Thursday, July 14, 2011

Why am I getting poor AF results with my Pentax K10D?

Question

I've been using Pentax K10D for a while and I'm a bit frustrated with performance of auto focus on that camera. Very often the images are not sharp enough despite taken in with decent lens (e.g. Pentax DA Limited a.k.a. "pancake") in great outdoor bright conditions. I experience that in different modes (P, Av, Tv) and with various auto focus modes (auto, selective, center).

Can anyone explain to me why I'm getting images out of focus on my camera? Am I doing something wrong?

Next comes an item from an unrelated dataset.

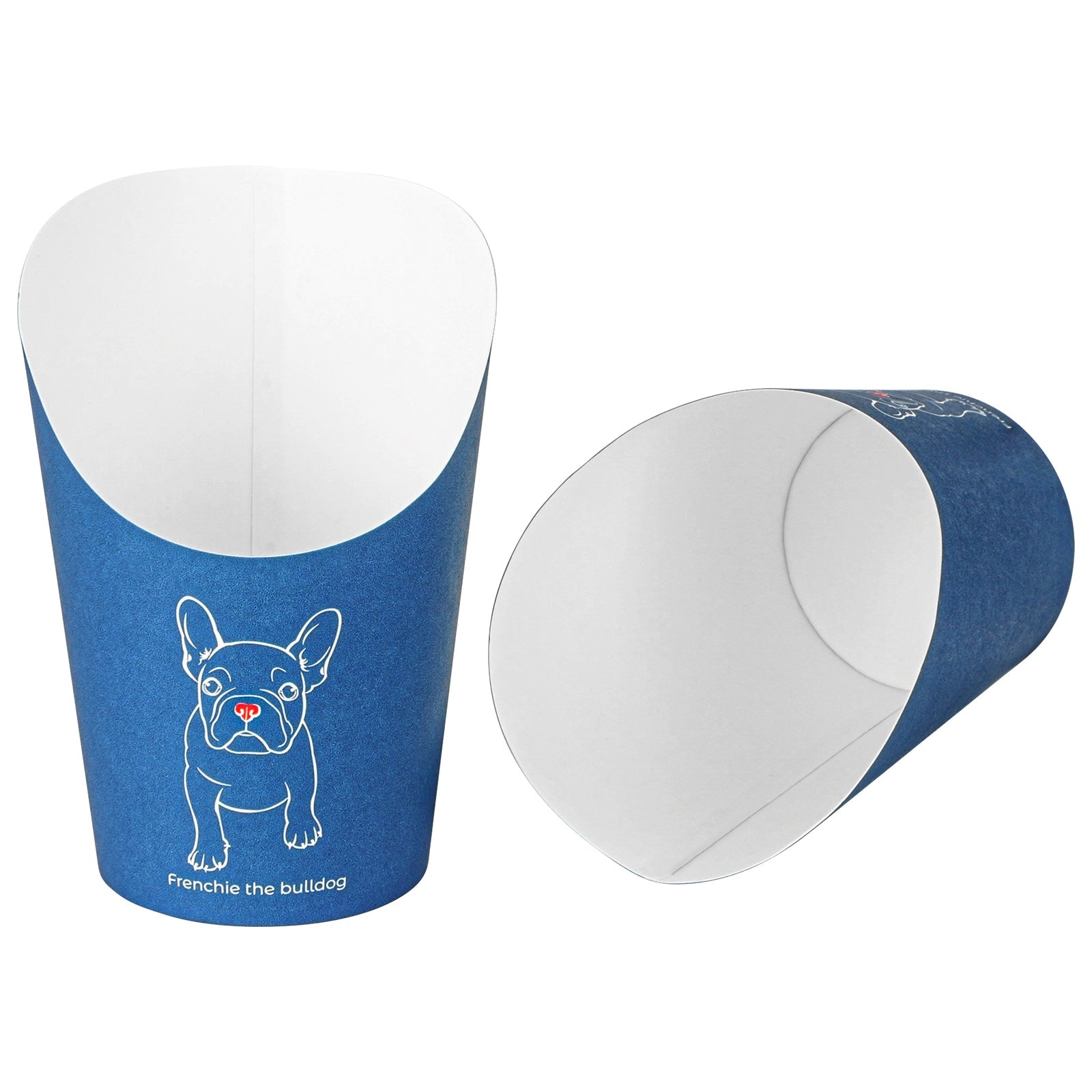 Bio Tek 12 oz Round Frenchie Paper Incline Cup - 3 1/2" x 3 1/2" x 4 3/4" - 100 count box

To focus (sic!) the question a bit please have a look at the picture of my 18 months old toddler boy I took yesterday. A couple of facts about that photo shoot:

  • the little lad was still (that is very rare in his case),
  • light was fantastic (summer evening, sun was quite high, clear sky),
  • I used Pentax DA 70mm Limited lens,
  • camera was in Av mode and I set aperture to 2.4 (max value for the lens),
  • expose time was 1/1000 sec
  • AF was in selective mode and pointed to focus on my son (right, slightly below center axis).

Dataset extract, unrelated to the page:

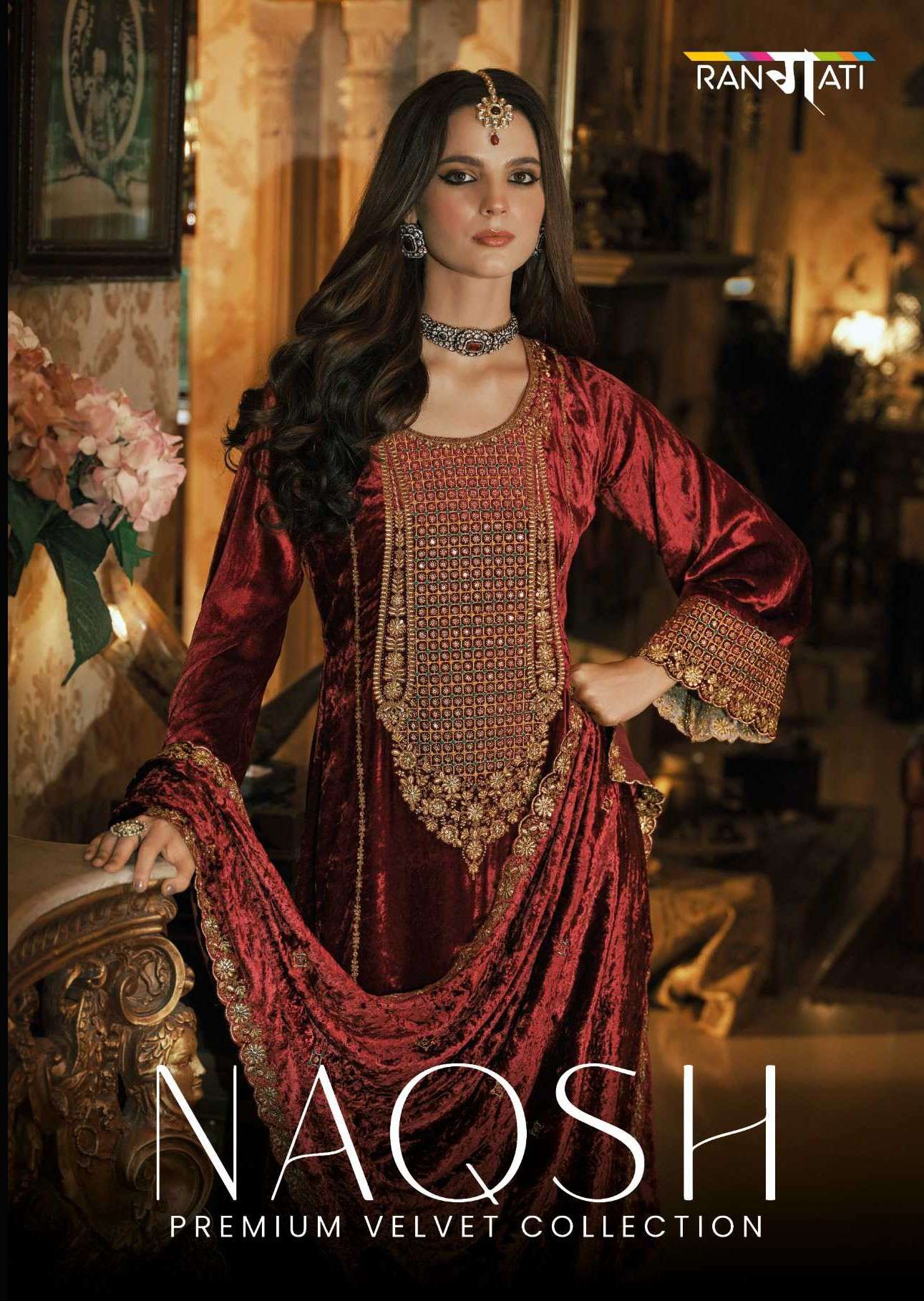 naqsh by rangati exclusive designer embroidered velvet suit wholesale price surat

As you can see the resulting image is out of focus. Any ideas what could went wrong?

Answer

In your sample picture, one can see that the grass behind the child is in focus. There's several reasons this might happen. In this specific case, I think these are the most likely:

  • The AF system may be out of alignment with this lens. That's fairly common (for any camera and lens) and you'll find a lot of fussing about it online. Unfortunately the K10D, unlike newer Pentax models in that range, has no easy way for you to adjust this yourself. Pentax will do it for free (once) under warranty, although it's unlikely that a K10D is still covered. (If the lens is new, maybe give them a call and find out.) There's also a secret debug menu which lets you make adjustments, but only on older K10D firmwares, and only overall, not per-lens.
  • The AF sensor may cover more than you think it does. All AF sensors are larger than the indicator dots in the viewfinder, sometimes by a surprising amount. And they're not always centered on the red dots, either. (This is true of all systems, not just Pentax.) You can experiment with this with a focus target with a clear, contrasty edge. Put this close, and put the camera on AF-C and move slowly across the edge. This should help find where the edge is. In my experience with the K10D, if the focus sensor covers something near and far, it will always grab the back one. That can be really frustrating. (The AF system in my newer K-7 doesn't seem to do the same, thank goodness.)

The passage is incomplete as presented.